WORK INSTRUCTION → Print exactly those lines that run from the beginning of the data to the line bearing "Okiwam Womens Summer", inclusive.

══ PROVIDED MATERIAL ══

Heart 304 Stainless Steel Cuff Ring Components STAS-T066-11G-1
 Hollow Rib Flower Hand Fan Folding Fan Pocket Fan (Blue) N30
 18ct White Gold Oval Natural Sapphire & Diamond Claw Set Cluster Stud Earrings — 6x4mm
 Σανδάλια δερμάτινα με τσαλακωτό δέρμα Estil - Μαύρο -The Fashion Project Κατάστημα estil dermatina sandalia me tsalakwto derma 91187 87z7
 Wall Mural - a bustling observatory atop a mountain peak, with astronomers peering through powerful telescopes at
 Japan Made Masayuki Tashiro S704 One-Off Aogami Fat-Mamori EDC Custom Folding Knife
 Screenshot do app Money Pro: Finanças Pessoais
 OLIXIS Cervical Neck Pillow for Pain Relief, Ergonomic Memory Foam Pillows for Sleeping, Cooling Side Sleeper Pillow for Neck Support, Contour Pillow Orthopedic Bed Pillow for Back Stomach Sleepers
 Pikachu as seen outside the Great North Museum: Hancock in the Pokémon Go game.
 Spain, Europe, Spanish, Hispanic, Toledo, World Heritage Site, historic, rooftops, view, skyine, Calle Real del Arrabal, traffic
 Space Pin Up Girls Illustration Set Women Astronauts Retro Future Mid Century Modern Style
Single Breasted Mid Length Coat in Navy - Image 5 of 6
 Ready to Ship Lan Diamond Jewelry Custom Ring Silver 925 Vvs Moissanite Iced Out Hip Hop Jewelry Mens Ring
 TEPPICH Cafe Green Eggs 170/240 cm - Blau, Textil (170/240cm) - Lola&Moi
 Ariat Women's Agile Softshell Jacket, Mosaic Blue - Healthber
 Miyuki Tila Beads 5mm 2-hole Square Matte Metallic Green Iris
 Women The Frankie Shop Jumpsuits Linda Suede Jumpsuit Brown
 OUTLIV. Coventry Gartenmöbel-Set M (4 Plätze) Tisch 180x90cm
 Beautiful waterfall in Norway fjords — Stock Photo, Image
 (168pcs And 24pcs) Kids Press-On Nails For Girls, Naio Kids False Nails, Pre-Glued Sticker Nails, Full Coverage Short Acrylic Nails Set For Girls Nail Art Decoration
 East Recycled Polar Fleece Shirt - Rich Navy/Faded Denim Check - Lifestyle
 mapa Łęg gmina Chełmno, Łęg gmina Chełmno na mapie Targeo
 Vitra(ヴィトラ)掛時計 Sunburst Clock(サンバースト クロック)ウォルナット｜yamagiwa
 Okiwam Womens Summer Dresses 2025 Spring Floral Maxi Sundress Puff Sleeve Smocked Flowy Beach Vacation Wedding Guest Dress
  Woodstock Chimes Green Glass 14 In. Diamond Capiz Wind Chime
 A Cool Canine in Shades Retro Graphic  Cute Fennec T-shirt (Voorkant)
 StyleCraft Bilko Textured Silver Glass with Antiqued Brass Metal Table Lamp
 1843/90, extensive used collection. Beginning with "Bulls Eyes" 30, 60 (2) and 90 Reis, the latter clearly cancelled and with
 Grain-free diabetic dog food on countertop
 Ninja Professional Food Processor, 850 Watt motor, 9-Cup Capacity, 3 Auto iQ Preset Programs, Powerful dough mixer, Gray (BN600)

═══

RESULT FOR THIS EXERCISE →
Heart 304 Stainless Steel Cuff Ring Components STAS-T066-11G-1
 Hollow Rib Flower Hand Fan Folding Fan Pocket Fan (Blue) N30
 18ct White Gold Oval Natural Sapphire & Diamond Claw Set Cluster Stud Earrings — 6x4mm
 Σανδάλια δερμάτινα με τσαλακωτό δέρμα Estil - Μαύρο -The Fashion Project Κατάστημα estil dermatina sandalia me tsalakwto derma 91187 87z7
 Wall Mural - a bustling observatory atop a mountain peak, with astronomers peering through powerful telescopes at
 Japan Made Masayuki Tashiro S704 One-Off Aogami Fat-Mamori EDC Custom Folding Knife
 Screenshot do app Money Pro: Finanças Pessoais
 OLIXIS Cervical Neck Pillow for Pain Relief, Ergonomic Memory Foam Pillows for Sleeping, Cooling Side Sleeper Pillow for Neck Support, Contour Pillow Orthopedic Bed Pillow for Back Stomach Sleepers
 Pikachu as seen outside the Great North Museum: Hancock in the Pokémon Go game.
 Spain, Europe, Spanish, Hispanic, Toledo, World Heritage Site, historic, rooftops, view, skyine, Calle Real del Arrabal, traffic
 Space Pin Up Girls Illustration Set Women Astronauts Retro Future Mid Century Modern Style
Single Breasted Mid Length Coat in Navy - Image 5 of 6
 Ready to Ship Lan Diamond Jewelry Custom Ring Silver 925 Vvs Moissanite Iced Out Hip Hop Jewelry Mens Ring
 TEPPICH Cafe Green Eggs 170/240 cm - Blau, Textil (170/240cm) - Lola&Moi
 Ariat Women's Agile Softshell Jacket, Mosaic Blue - Healthber
 Miyuki Tila Beads 5mm 2-hole Square Matte Metallic Green Iris
 Women The Frankie Shop Jumpsuits Linda Suede Jumpsuit Brown
 OUTLIV. Coventry Gartenmöbel-Set M (4 Plätze) Tisch 180x90cm
 Beautiful waterfall in Norway fjords — Stock Photo, Image
 (168pcs And 24pcs) Kids Press-On Nails For Girls, Naio Kids False Nails, Pre-Glued Sticker Nails, Full Coverage Short Acrylic Nails Set For Girls Nail Art Decoration
 East Recycled Polar Fleece Shirt - Rich Navy/Faded Denim Check - Lifestyle
 mapa Łęg gmina Chełmno, Łęg gmina Chełmno na mapie Targeo
 Vitra(ヴィトラ)掛時計 Sunburst Clock(サンバースト クロック)ウォルナット｜yamagiwa
 Okiwam Womens Summer Dresses 2025 Spring Floral Maxi Sundress Puff Sleeve Smocked Flowy Beach Vacation Wedding Guest Dress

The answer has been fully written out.